December 13 — 6:49 pm, 2004

District prepares to take “Corrective Action”

In 2003, 160 Philadelphia schools were labeled with the lowest possible status under the No Child Left Behind law – "Corrective Action II." Schools in that category, having failed to meet performance targets for five years in a row, were supposed to develop a plan, with parent and staff input, for management restructuring. This could mean taking steps like replacing the teaching staff, charter conversion, or privatization of management.

After test score gains last spring, the number of schools in Corrective Action II is down to 72 (all but two of those for the second year).
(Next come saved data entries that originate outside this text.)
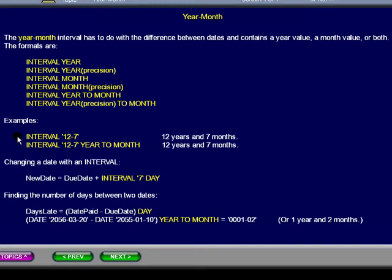Here are two examples of a 12-year and 7-month interval. The second example makes it explicit that the 12-7 literal is specifying years and months.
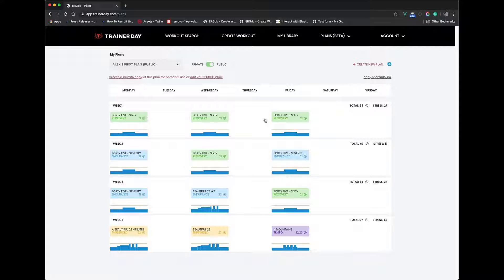Now it gives me the read-only view, and this is very similar to the view that a consumer of your plan would see — now that it's a public plan or an open-source plan. They would be able to come in and make a clone of it for themselves and modify it if they feel like. But that's all there is — that's creating a plan.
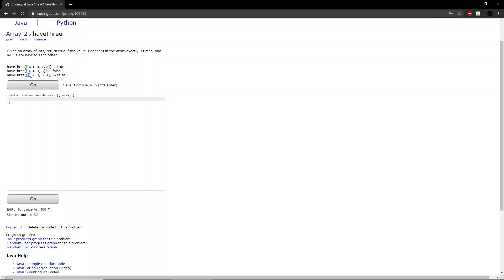We look at the third example here, and there are 3 3's, however, two of these 3's are right next to each other, so the function will return false.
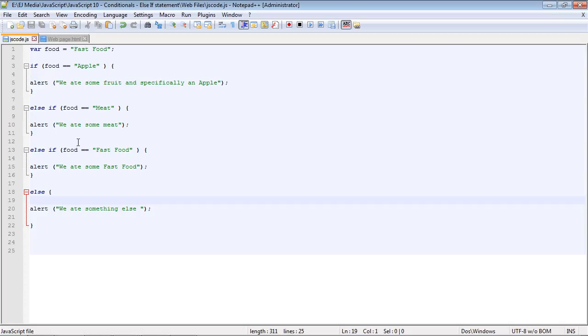Okay, that is going to do it for this video. In the next video, we will continue on with conditionals. And then in the video after that, we will start to look at loops. See you guys in the next video.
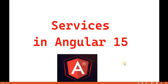Hello everyone, welcome back to the .NET office. In this video, we are going to discuss about the services in Angular 15. In the previous video, we discussed about the child route. In this video, we will see about the services.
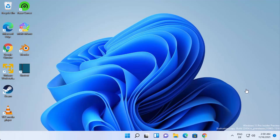Hey guys, in this video I'm going to show you how you can download and install the Epic Games Launcher on your Windows 11 operating system. So let's get started and see how we can do it.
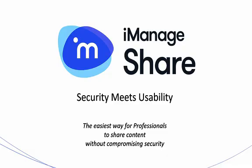iManage Share is the easiest way for professionals to share content without compromising security.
And after a protracted silence about what restructuring plans were in the works at the District or state level, the School District has announced a new program affecting the 72 schools in Corrective Action II status.

These schools will be getting "supports and interventions" on four different levels, according to Chief Academic Officer Gregory Thornton. The first three levels are:

  • support from regional offices,
  • "focused interventions" from the District’s central office, and
  • "schoolwide assistance teams" that go out and meet directly with school staff.
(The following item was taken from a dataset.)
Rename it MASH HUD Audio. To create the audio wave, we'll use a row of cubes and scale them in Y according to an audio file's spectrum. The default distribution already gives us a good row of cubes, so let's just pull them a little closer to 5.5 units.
Thornton explained that the fourth level, called "Corrective Action and Review," will involve major changes reserved for "schools that have not responded to these other interventions." The Corrective Action and Review initiative will be led by Deputy Chief Academic Officer Creg Williams, who now heads the District’s high school office.

Plans will be developed by a team including central office administrators, other educators, union representatives, and District legal staff, Thornton said.

Noting that many of the Corrective Action II schools have been troubled for years, Thornton added, "We’re not waiting for the state to tell us what to do with these schools. We have a moral obligation to the students at those schools." Of the 72 schools now in Corrective Action II, 29 were previously privatized or restructured in 2002 as part of the state takeover.

Seventy additional District schools are categorized as "Making Progress" but will be back in Corrective Action II status if they fail to meet performance targets in 2005.